This option changes the shade/color used for the writing commands that follow the option. In effect, you erase areas by writing over them with the background or foreground color. Erase writing remains in effect until you change the writing option.
Erase writing ignores the bitmap values in the pattern memory. The current writing pattern remains constant.
You can erase writing with negative writing on or off. With negative writing off (default), erase writing erases areas by writing over them with the current background shade/color. With negative writing on, erase writing erases areas by writing over them with the foreground shade/color.
You use the following format for the basic erase writing option.
W(E)
where
E identifies the erase writing option.
Figure 3-8 shows the effect that negative writing has on erase writing. The slashed square is drawn first, then the solid white (A) or black (B) square. Figure 3-9 shows the effect that the foreground select option can have on erase writing (when negative writing is on).

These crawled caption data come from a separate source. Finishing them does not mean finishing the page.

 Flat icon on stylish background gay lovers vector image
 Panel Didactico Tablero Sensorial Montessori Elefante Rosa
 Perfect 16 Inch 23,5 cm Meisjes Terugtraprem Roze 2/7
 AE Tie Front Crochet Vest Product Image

A) Shaded square erased using W(N0), or W(E) if negative writing off (default or previous N0).
B) Shaded square erased using W(N1,E), or W(E) if negative writing on (previous N1).
NOTE |
Erase writing selected by W(N1,E,12), if negative writing off, or W(E,12) if on. |
This option lets you reverse the effect of pattern memory. The negative pattern control changes all 1s in pattern memory to 0s, and changes all 0s to 1s. The default setting for negative pattern control is off. This option affects the drawing of all lines, shaded areas, and text.
Usually, the 1 bits in pattern memory select the foreground shade/color for a pixel, and the 0 bits select the background shade/color. When you turn negative pattern control on, the reverse is true: the 1 bits select the background, and the 0 bits select the foreground.

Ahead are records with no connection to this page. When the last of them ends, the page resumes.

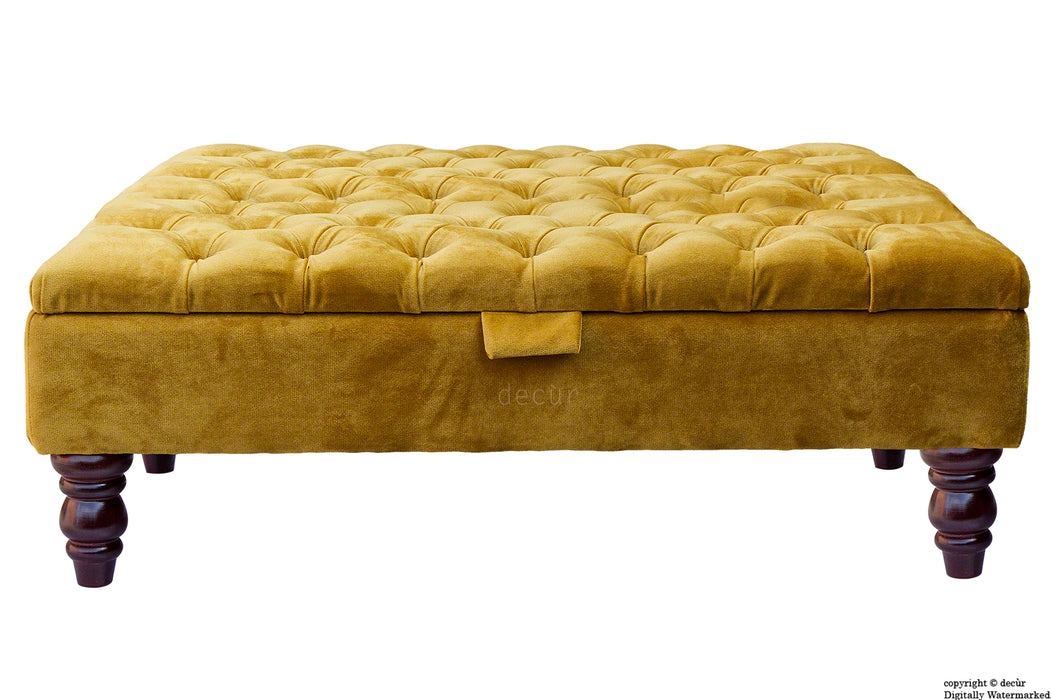 Tiffany Buttoned Velvet Footstool Large - Gold with Optional Storage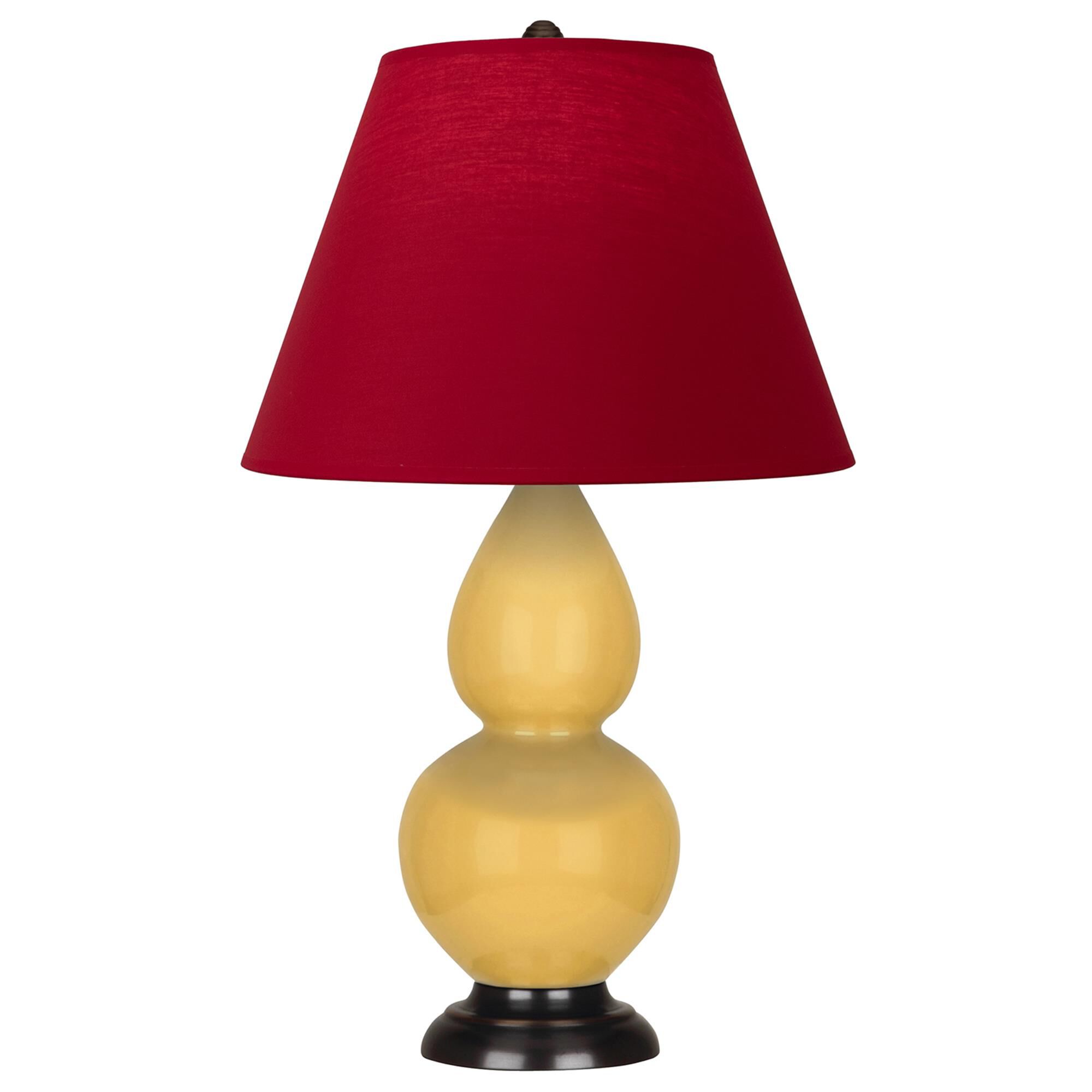 Shown in Sunset Yellow finish and Rose Red with Ink Black Lining shade and Deep Patina Bronze accent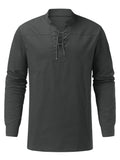 Men's Woven Retro Lace Up Casual Long Sleeve Shirt with Stand Collar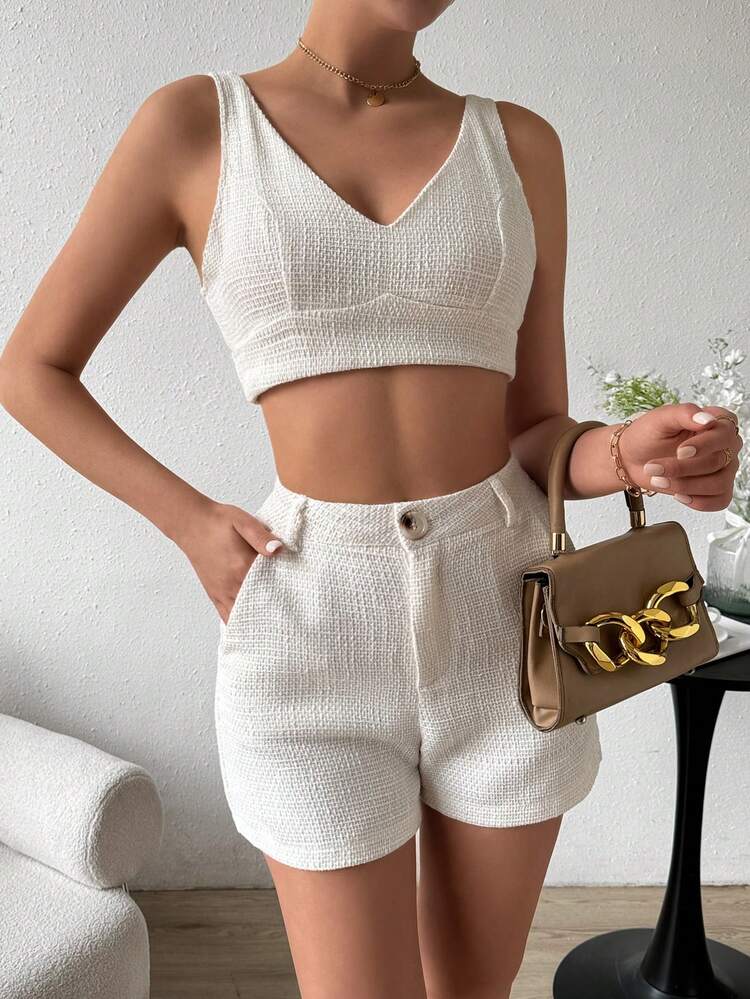 Women's V-Neck Cropped Top And Shorts Set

You use the following format for the negative pattern control option.
W(N<0 or 1>)
where
N identifies a negative pattern control option.

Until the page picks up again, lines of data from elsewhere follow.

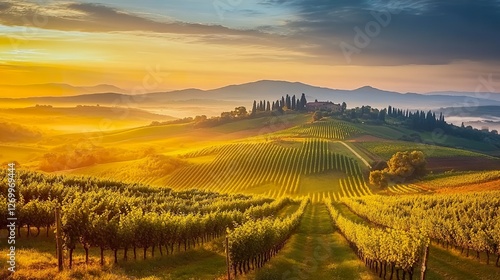 Vineyards and landscape at sunrise with rolling hills.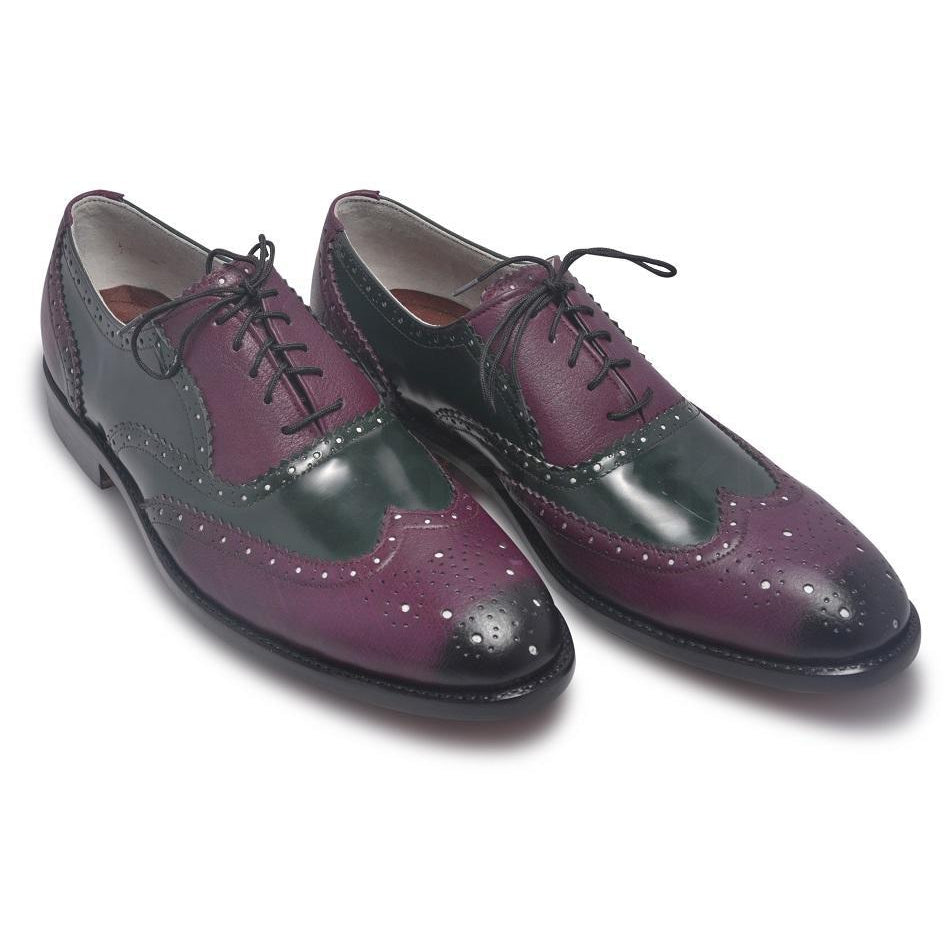 Unisex Oxford Scarpe Donna Two Tone Perforated Wingtip Brogue retrò Low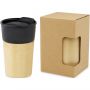 Pereira 320 ml porcelain mug with bamboo outer wall, Shiny b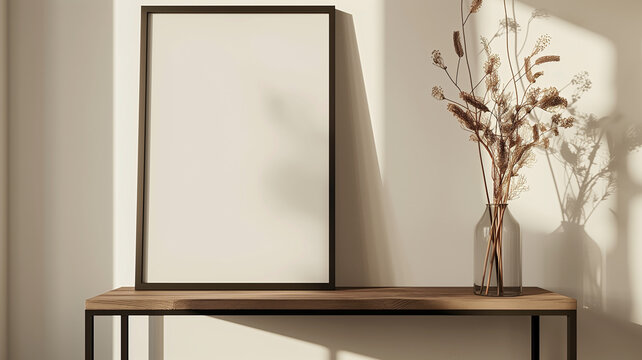 A black picture frame with a blank white canvas on the wall above a table, a vase of flowers, a simple and clean background, in a minimalist style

<0 or 1> turns the negative pattern control off (0) or on (1).
Figure 3-10 shows how the negative pattern control changes the standard patterns from Figure 3-2 and the specified binary patterns from Figure 3-3. Figure 3-10 shows the normal pattern (with negative pattern control off), then the reverse pattern (with negative pattern control on).
NOTES |
|
This option lets you shade the inside of a graphic object as it is drawn. During shading commands, vector and curve commands operate as usual. However, as each point in a vector or curve is drawn, shading occurs from that point to a point on a shading reference line. The shading includes the point being drawn, as well as the point on the reference line.
The default value for the shading reference line is the horizontal line defined by the Y-coordinate of the cursor position when you turn shading on. You can select a different reference line with a position argument to the shading control option.
Figure 3-11 shows how shading occurs. This figure shows different phases of a circle being drawn while the shading control option is on. The figure uses the default reference line for shading.
You can use patterns or text characters to shade a graphic object. The final result depends on the setting of several other ReGIS command options.
Options | Pattern Shading | Character Shading |
---|---|---|
Pattern | yes | no |
Pattern multiplication factor | yes | no |
Foreground intensity | yes | yes |
Background intensity | yes | yes |
Plane select | yes | yes |
Negative writing | yes | yes |
Any overlay, erase, complement, or replace writing in effect | yes | yes |
Text command options | no | yes |
There are three types of shading controls.
The following sections cover each control. Then the text discusses the use of multiple shading reference lines. You need multiple shading reference lines for complex graphic images, such as polygons.
NOTE |
The shading reference line would not appear on the screen |
You use the following format for the shading on/off control option.
W(S<0 or 1>)
where
S identifies the shading control option.
<0 or 1> turns shading off (0) or on (1).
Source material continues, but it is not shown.